A Childhood Lesson on Life’s Fragility
Thank you Weekly Writing Challenge for drawing out from me another memory that framed the truth of perception for me.
A memory that really affected my perception of the world and its profound fragility came from a car accident I experienced in 4th grade. It is weird how when you think about one memory, all of a sudden another memory pops up. Our mind is like a tree, branching out. One branch growing into another, so subtle and fluid. Fourth grade was one of those years that really stood out for me with change. The accident took place right after Christmas. Me and my brothers were corralled into our family’s little white Toyota Tercel by my Mom to take a trip to the local mall in an effort to exchange some things. It was a cloudy day and the roads were slick with drizzle from the winter sky. It was the early 80s- no one had their seat belts on.
“We don’t remember days, we remember moments.” Cesare Pavese
We lived in the woods of Virginia, so we traveled a lot on these curvy “back roads” as we called them with deep shoulders and no lines. As we took one of those curves our car hit the shoulder on my side of the car, me in the passenger front seat and my 2 younger brothers in the back. As we hit the shoulder, I grabbed for the dashboard. It was a futile effort to control a car that now had its own mission.

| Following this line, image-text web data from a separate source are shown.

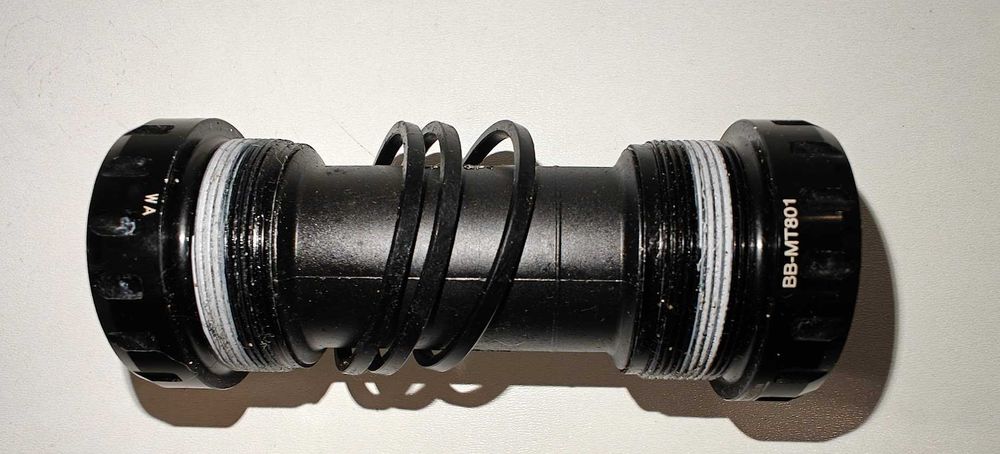 Wkład suportu rowerowego Shimano XT BB-MT801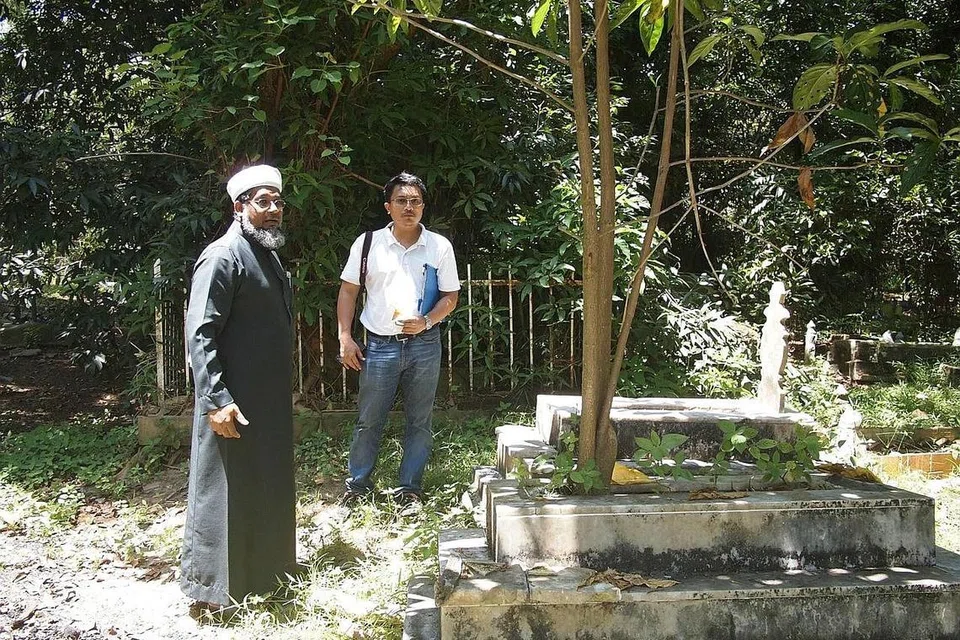 MENZIARAHI KUBUR TOKOH ISLAM TERDAHULU: Penulis (kanan) bersama Shaikh Fasihullah Shah Muhamed Siddique, yang pernah menjadi pedagang intan, dan kini seorang pemimpin kumpulan tarekat, menziarahi kubur tokoh-tokoh agama di Kubur Kassim@Siglap. - Foto oleh SALLEH SARIMAN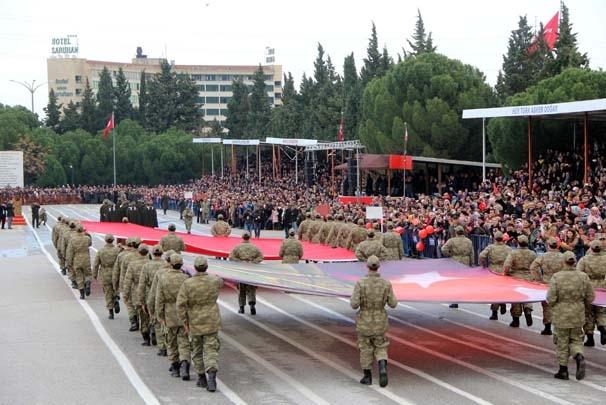 <p>KIŞLADA HARMANDALI OYNANDI</p>

<p>Tugay Komutanı Albay Güven Dere'nin konuşmasının ardından yemin töreninde ilk kez askerler harmandalı oynadı. Tamamı yemin eden acemi erlerden oluşan 8 kişilik ekip, izleyenlere keyifli bir gösteri sundu. Müzik eşliğinde harmandalı gösterisi yapan askerlerin geleneksel oyunu, büyük ilgi gördü.</p>
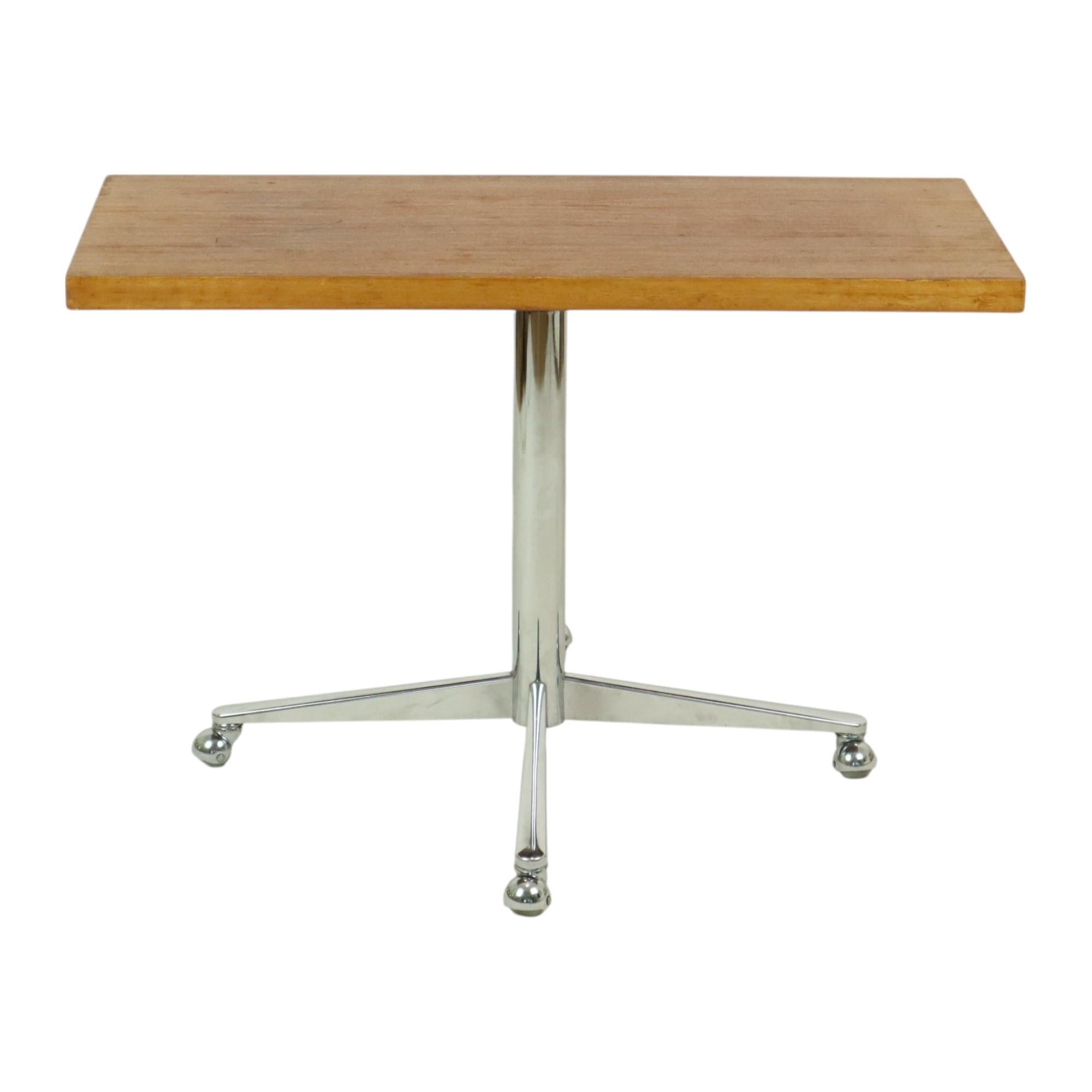 Table basse vintage avec plateau en bois et roues chromées 90 cm en vente 1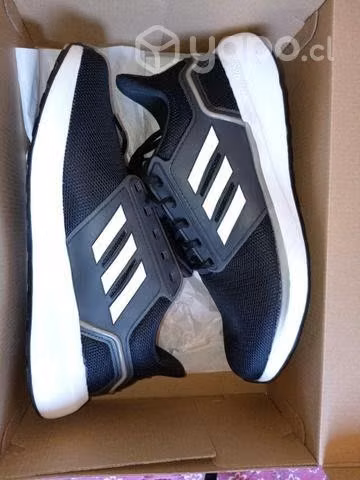 Zapatillas adidas running nuevas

The only recollection I have “during” the accident was when my face planted into the very dashboard I reached for moments earlier. I do know that we flipped once, and as we began to flip a second time we hit a telephone pole or power line and this positioned us back on our wheels in someone’s front yard. I remember my Mother being very scared and crying- hitting the horn repeatedly to get anyone’s attention. Finally someone passed by, pulled over and was running from house to house to find a phone to call 911. This was also before cell phones.
I remember waiting on the grass in this stranger’s front yard that we passed so many times for the ambulance. My brother’s face was bleeding, but mostly I just remember my Mother being overwhelmingly distraught. There were 2 strong, emotionally charged memories from that experience that I still carry with me. One was of a kind EMT- I remember him telling jokes to draw out laughter from me and my brothers. I’m sure they were just as scared as I was.
The other most vivid memory from this ordeal took place at the hospital. I remember being alone in my little curtained cubicle in the ER, and crying. My mouth hurt because it had a very big cut behind my bottom lip that needed a lot of stitches. But also, I felt a lot of stress from being in that accident. It was kind of like what people experience with PTSD. I remember someone came in to look at my mouth and placated my crying with a “oh, you’re fine- no big deal- we’ll stitch you up and you’ll be out of here.” She even laughed at me. It was awful, and I will never forget that person’s lack of knowledge about the psychological impact of a car accident on a child. I couldn’t get that image of my Mother out of my head, panicking and crying and yelling for help. Saying over and over again, “my babies,” with anxiety and fear.
Most children are not fully aware of a world that “lacks control” around that age. They are just learning- and to see your parent in all their humanity, who you always note to be a leader, a solid foundation in your life- not solid and genuinely scared- is a huge learning experience and really affects your perception of the world. You are learning that everything is not always the way you think it is and all you thought to be safe and secure can change in the blink of an eye.
When I watched the film, The Impossible, I was very taken aback by the scene where the oldest son sees his mother physically falling apart and realizes for the first time how serious it was, and he didn’t know how to handle it. She had to refocus him and force him to keep moving or else they would die. I know my memory is nowhere near as traumatic as this was to that young boy- but in essence, it was very similar and it really affected me watching it. I only hope that other children who experience similar things will be helped with more kindness and compassion. Our physical world is very limiting- we never know what someone is feeling deeply inside- we are each a planet unto ourselves.
This is perception and the fragility of our perceptions creates valuable lessons for all of us. I only hope that we can all continue to remember how sensitive the ego of a child truly is, and their inability to describe where their emotions may be coming from makes their ordeal more traumatizing than it can be for an adult. With a little TLC, we can make a huge impact on someone’s life without understanding what is going on in their heart or head. It’s funny. I remember the one person that did care and tried to help me and my brother’s anxieties, as well as the one other person that did nothing. I learned so much from both of them!
2 thoughts on “I REMEMBER….”
I think learning from both of them is a triumph of soul. I call it the inner sense of innocence. Good thing you’ve managed to keep it. Loved this post.
Thank you Willow-Marie! I truly appreciate your connection to this post.